Rheinhessen

Begriffsauswahl:

Senkung

Etliche Wörter, die im Standarddeutschen i oder u als Stammvokal aufweisen wie z. B. gebissen und Mutter, haben in manchen rheinhessischen Dialekten stattdessen e bzw. o. Die Beispielwörter lauten in diesem Fall also gebess und Modder. Als weitere Dialektbeispiele lassen sich nennen Gewwel/Gäwel für ʻGiebelʼ, Reeme für ʻRiemenʼ, robbe für ʻrupfenʼ und Frocht für ʻFruchtʼ (= ʻGetreideʼ). Den Sprachwandel von i zu e und u zu o nennt man Senkung. Die Bezeichnung ist durch die Änderung der Zungenposition im Mundraum zu erklären. Bei der Bildung von i und u ist die gewölbte Zunge jeweils weit nach oben zum Gaumen hin gehoben. Im Vergleich dazu wird bei der Artikulation von e und o die Zungenwölbung leicht nach unten gezogen, also gesenkt.

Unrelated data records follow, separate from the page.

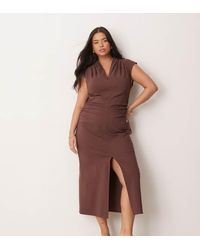 ASOS - Design V Neck Pleated Shoulder Ruched Waist Bengaline Midi Dress - Lyst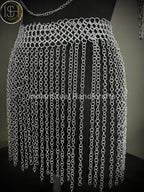 Medieval Chainmaile Top and skirt, Chain Layers Top, Chainmail Body Chain Jewellery, Chainmail Costume Fashion, Gift for women. ISH Collection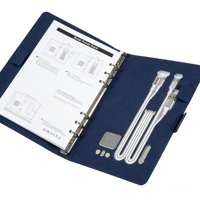 Bloc-notes intelligent multifonctionnel A5 combinant chargeur sans fil, assistant IA et batterie externe dans un étui en cuir
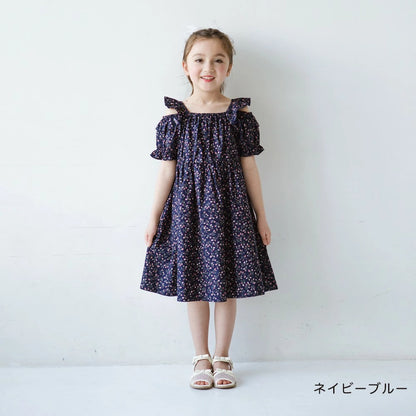 日本童裝 Branshes 碎花露肩連身裙 80-150cm 女童款 夏季 DRESSES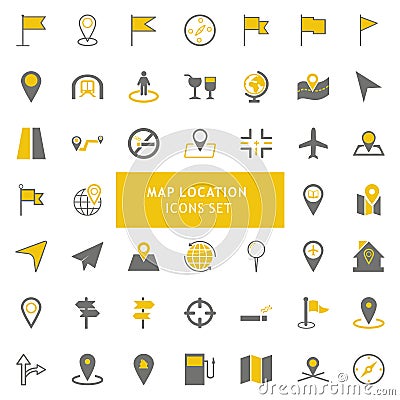 Yellow and gray map location icon set Vector Illustration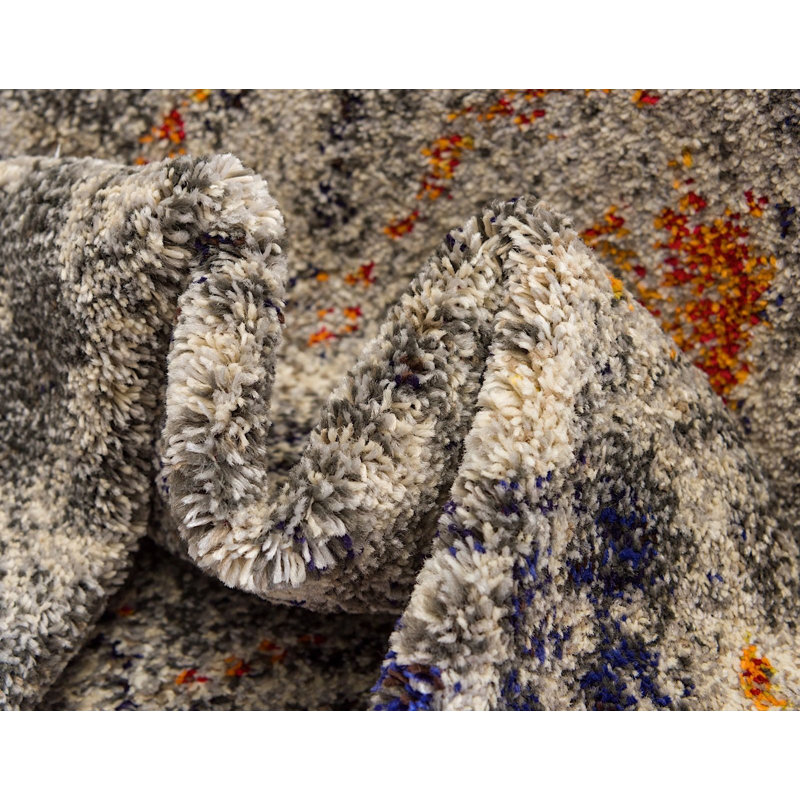 Tapis à motif oriental noir / rouge / orange Mulloy, Rond 4 pi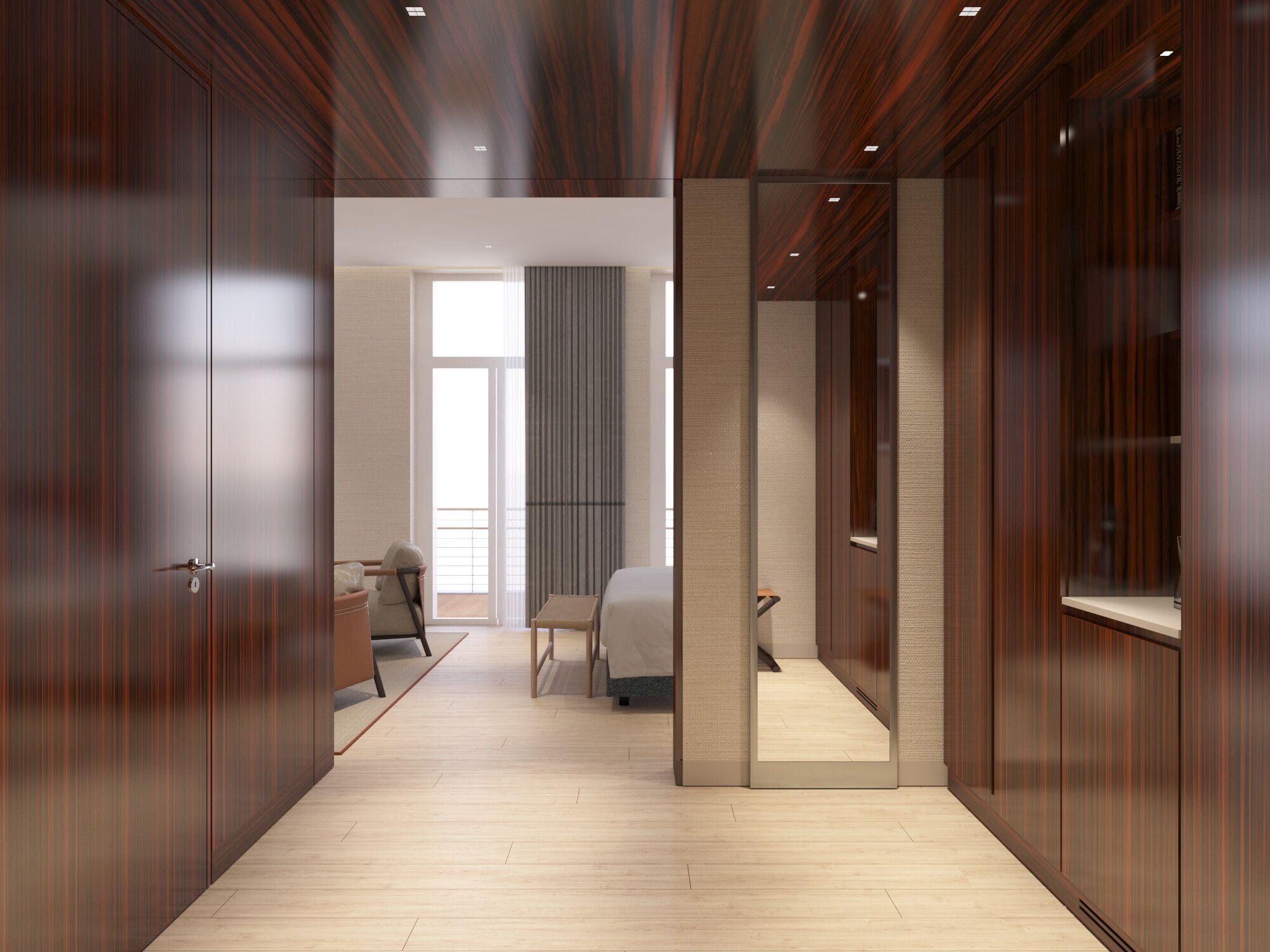 Een moderne hotelkamer met een houten vloer, een bed, een bureau en een stoel.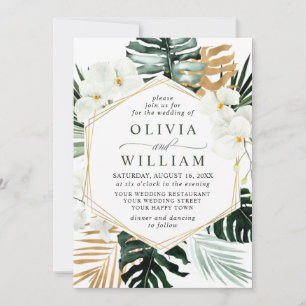 Invitación Elegantes orquídeas blancas Boda de la vegetación 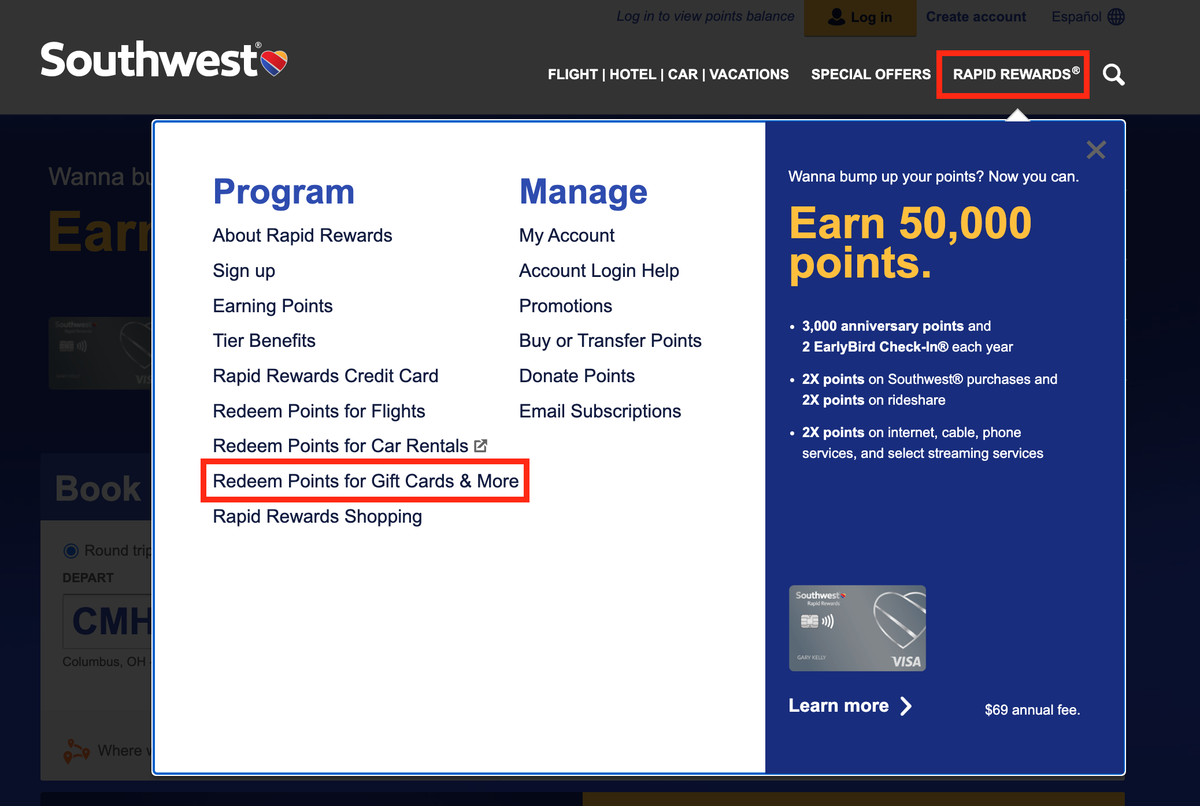 How to redeem Southwest points for gift cards and more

Die Vokalsenkung tritt in Rheinhessen nicht flächendeckend, sondern teilweise auf. Deren Häufigkeit und räumliche Verteilung wechselt von Wort zu Wort. Die Karten gebissen, Giebel und Mutter dokumentieren dies. Sie zeigen auch, dass im Westteil der Region das Sprachphänomen regelmäßig vertreten ist. In den rheinhessischen Dialekten des Mittelalters waren Vokalsenkungen durchgängig vertreten. Seit dem 16. Jh. wurden diese unter dem Einfluss des Oberdeutschen und der Schriftsprache nach und nach rückgängig gemacht.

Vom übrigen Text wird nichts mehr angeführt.